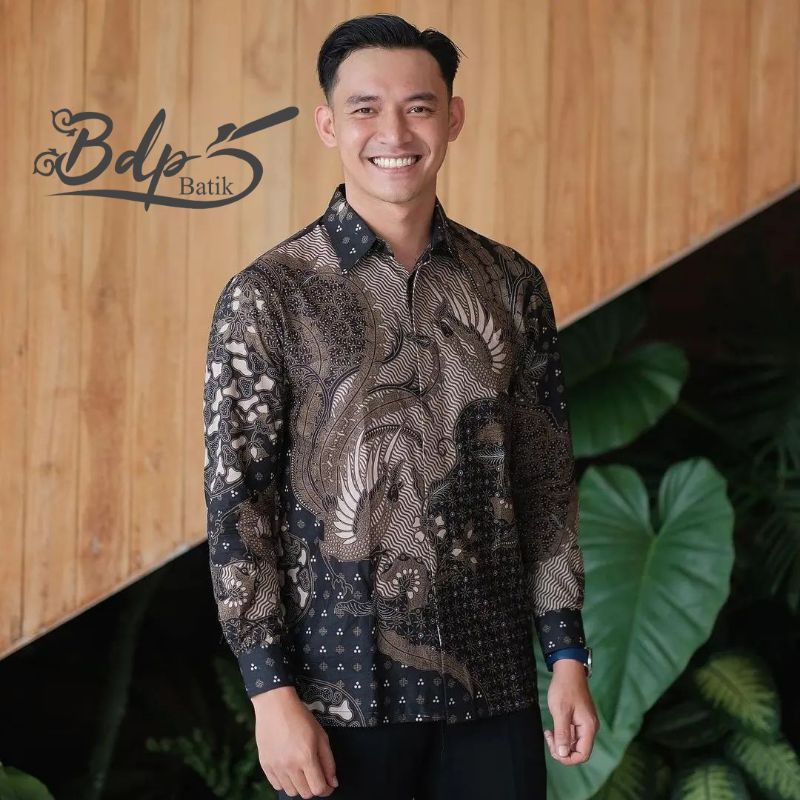 Kemeja Batik Pria Modern Lengan Panjang Casual Modis Slim Fit Trendy Masa Kini OL 162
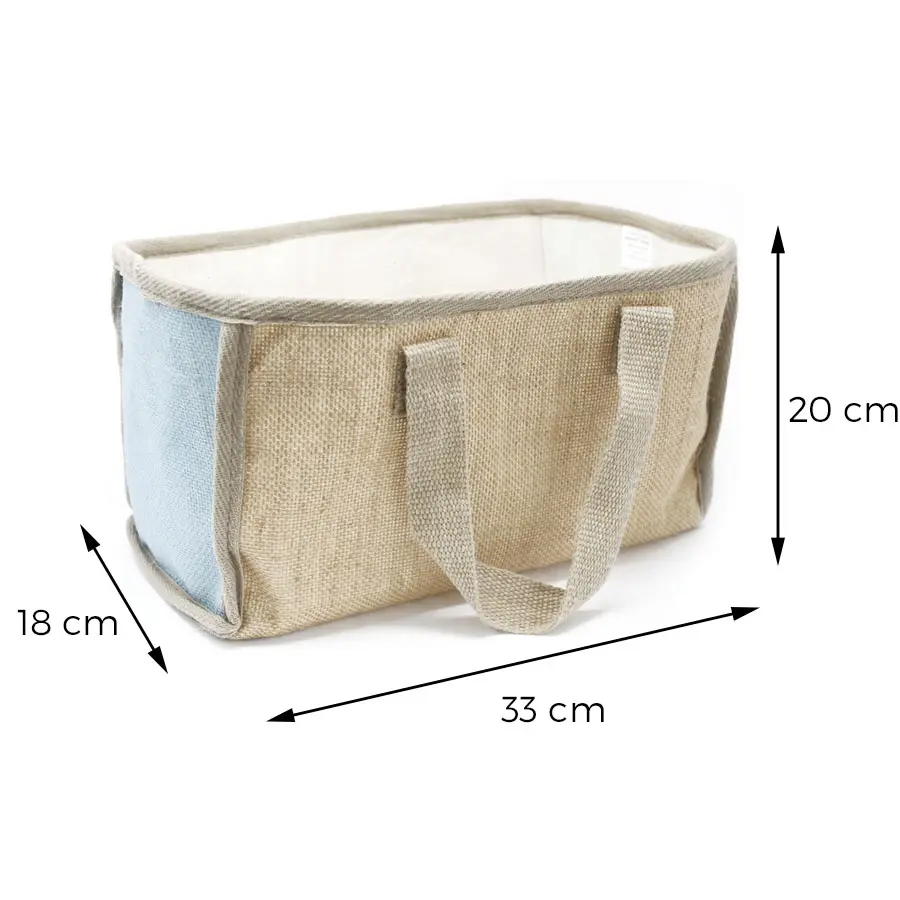 Koszyk na zakupy z juty Turkusowy Duży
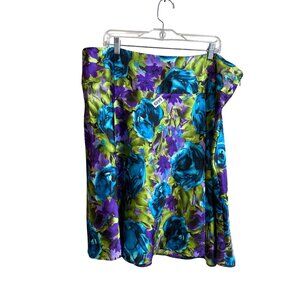 Gegrge  women’s plus 20w skirt  midi no stretch vibrant colors Hidden side zippe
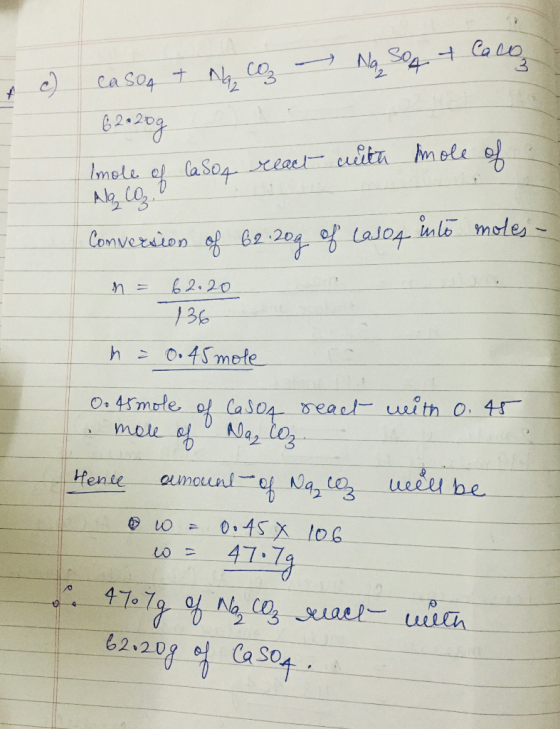 Ca o No ca s04 laSo4 eaet itn mele o bmele inlo moles Comveraion f6e 204 Lal04 62.20 136 h O.45mete O. 4Kmole moe ofAaz lo3 o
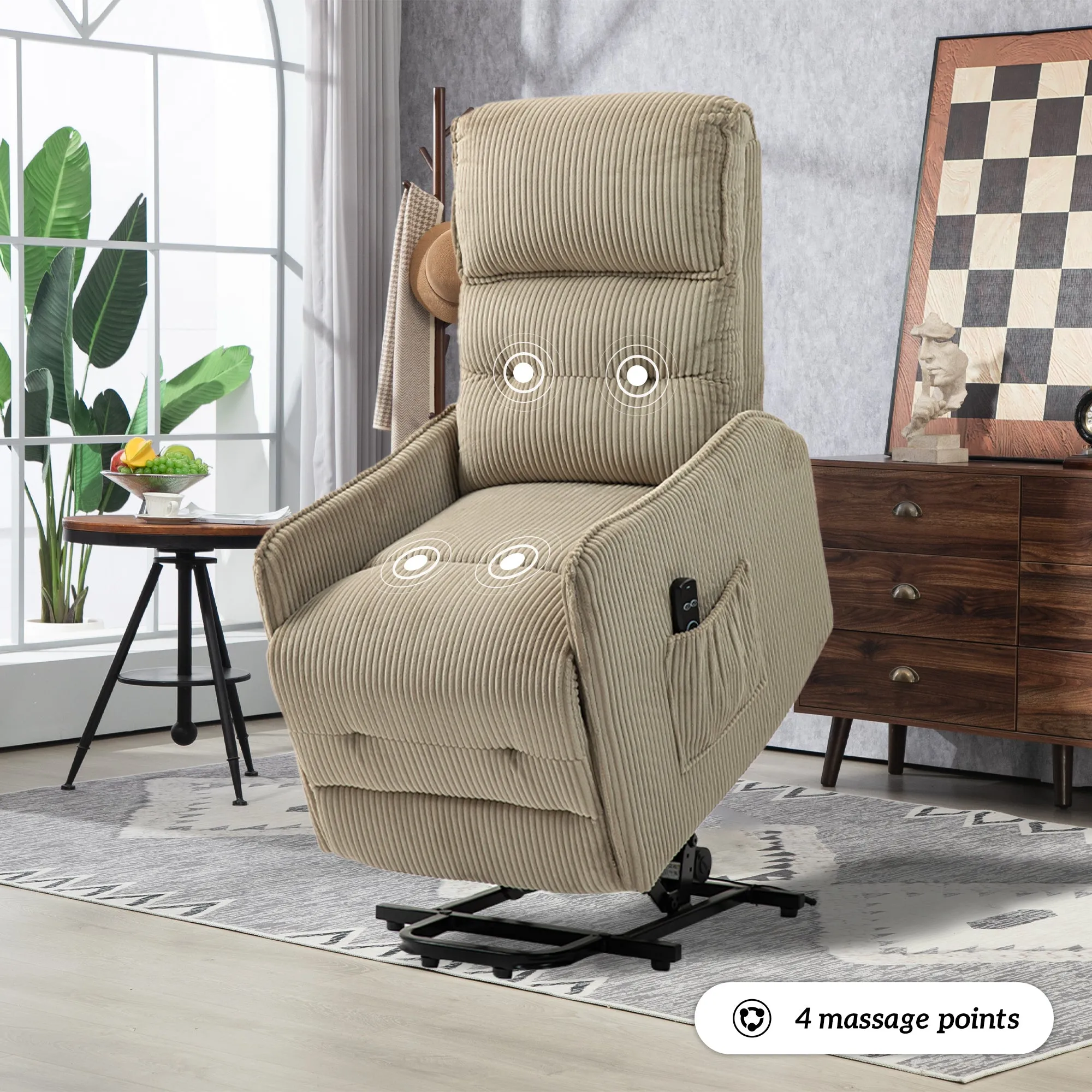 Fraser Electric Recliner Chair - Camel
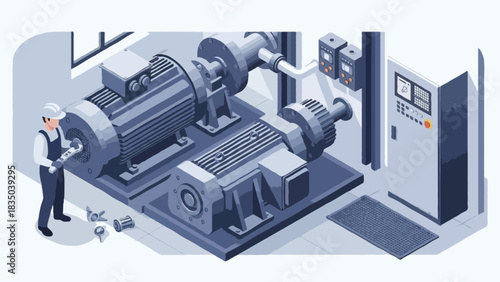 Isometric flat style, faceless engineer, no outline. Technician repairing elevator motor system in a mechanical room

# THE PROBLEM:
Word for word, restate the lines from the first line of the material through the line containing "Hidden side zippe", with the pictures left out.

# WRITTEN RESPONSE:
 Kemeja Batik Pria Modern Lengan Panjang Casual Modis Slim Fit Trendy Masa Kini OL 162
 Koszyk na zakupy z juty Turkusowy Duży
 Gegrge  women’s plus 20w skirt  midi no stretch vibrant colors Hidden side zippe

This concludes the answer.